From a follow up piece:
In sum: We have a group of men playing dress up to pass themselves off as "the bad guys." The officials immediately tell a wild fib that insurgents did the crime. When the fib immediately falls apart, the body is whisked away to an American base, where who-knows-what sort of examination occurs. The poor girl's corpse then heads to an Iraqi hospital.
I should quickly point out that no evidence in favor of the "psyop" theory emerged during Green's trial.

However, in recent months, American war-spinners insist that both Shi'ites and Sunnis have turned against "Al Qaeda in Iraq," which is the chic new label for the insurgency. Do not dismiss the notion that American strategists have undertaken a series of psychological operations in Iraq in order to sway public opinion.

4 comments:

Anonymous said...

Scott Ritter has written a good article recently about the situation in Iraq ("Reporting From Iraq"). He uses the deployment (as the MSM recent convoy to Iraq) of Katie Couric of CBS as an example of the nonsensical coverage of the Iraq war in the US. His article explains much that the media is not covering (the insurgency, the Al-Qaida presence, the shia-Sunni divide and our boys in the military).
As Ritter puts it, how can anyone try to make sense or analyze or discuss the situation without understanding the who, how and why of Americans dying. Or maybe, that's just the point. The who and how and why are the "taboo" subjects, the rest is spin.
Our good ole "Christian" American boys (and some not good Christian boys)are raised to believe that America is blessed by God and that any American adventure has a pre-approved seal if not by the Christian God but at least by destiny.
Guess what?
There are good ole Muslim boys that are told that the Muslim God put his seal of approval on any plan that helps protect the Muslim lands from the infidels attack.
And if destiny is the yard stick, the Muslim boys of the cradle of civilization have the upper hand on the Christian boys of the newly found continent.
The point is that both the good ole American Christian boys and the good ole Muslim Iraqi boys are being led to their deaths by both their Gods and their leaders. And at the end all the boys stay dead and all the oil will be gone.
So let's read the "Pet Goat" and forget about the disaster in Iraq. Or if you prefer, let's read "Iran in close encounters of the nuclear kind".

Terry Hildebrand said...

Good point, Joseph. Although admittedly speculative and based purely on circumstantial evidence, I too have suspected a campaign similar to the Operation Phoenix of the Vietnam War is taking place in Iraq. This horrific and repugnant instance of rape and murder, followed by official cover-up and blame immediately placed on local religious animosities, may yet be found to be a manifestation of such a internal false flag operation in Iraq to make Iraq politically and socially unstable.

Anonymous said...

Joe,
I gather you are feeling better. I am glad to see that.
Great posts. Hope to see you in good health for a long time to come.

Anonymous said...

Joseph,

In regards to "Redacted", DePalma has explored this territory before--1989's CASUALTIES OF WAR, with Michael J. Fox and Sean Penn. The film was a fictionalized account of an actual rape/murder of a Vietnamese woman by American soldiers during the war.

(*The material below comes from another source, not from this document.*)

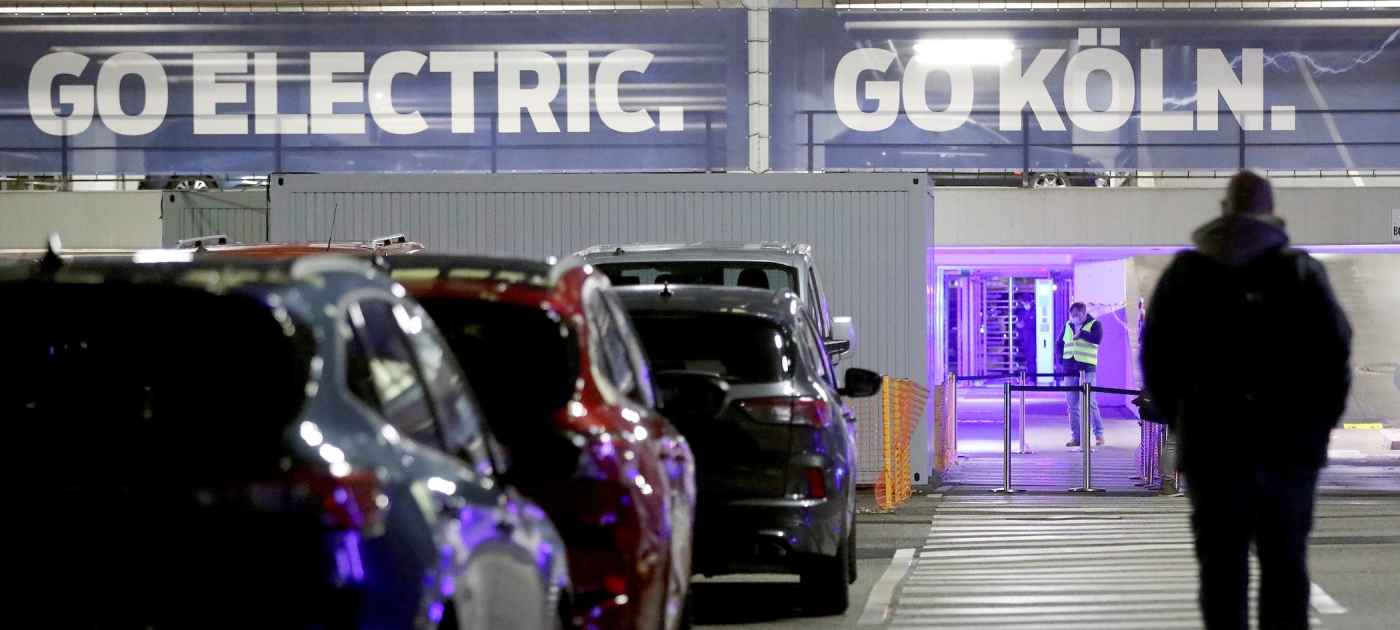 Europe: electric car sales surpass diesel Reuters / Oliver Berg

However, let's not be too hasty to blame this on religion (and I know you weren't doing that). Sadly, though, the people of the Middle East are looked down upon by Westerners, and it's not always because of religion. Remember Chris "hiccup" Hitchens? For all his spew about the evils of religion he himself doesn't give a shit about the deaths of Iraqi civilians.

Keep up the good work. And yeah, I do plan on seeing "Redacted", being a long-time DePalma fan.